Starvation scenario in a particular setup of pools and execution streams #277

mdorier · 2024-07-30T15:27:05Z

I have narrowed down a deadlock issue to the reproducer shown hereafter.

The scenario is as follows: I initialize margo with 2 pools ("__primary__" and "rpc"), and one execution stream ("__primary__") associated with these two pools in that order.

The process then sends an RPC to itself, and hangs indefinitely. Adding print statements shows that the last call issued is margo_forward. The RPC handler doesn't execute.

Attaching to the process with GDB shows that it is blocked in HG_Progress.

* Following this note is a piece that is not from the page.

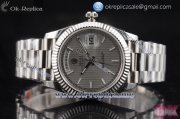 Rolex Day-Date Clone Rolex 3255 Automatic Steel Case with Gray Dial Stick Markers and Stainless Steel Bracelet (AAAF)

I initially thought it was because once we send the RPC there are no runnable ULTs in the progress pool apart from the progress ULT, so HG_Progress would block, but actually @carns confirmed that it would only block until a certain timeout (by default 100ms).

So what I think actually happens is that the progress ULT is never "blocked" from an Argobots perspective. it hard-blocks periodically on HG_Progress but never on an Argobots mutex, for example, so technically the progress pool is never empty from the point of view of the xstream's scheduler. The consequence of this is that the scheduler never attempts to pull ULTs from the "rpc" pool, causing starvation.

Note that this would not be specific to running RPC ULTs: whatever ULT is submitted to the "rpc" pool will never run in this setup.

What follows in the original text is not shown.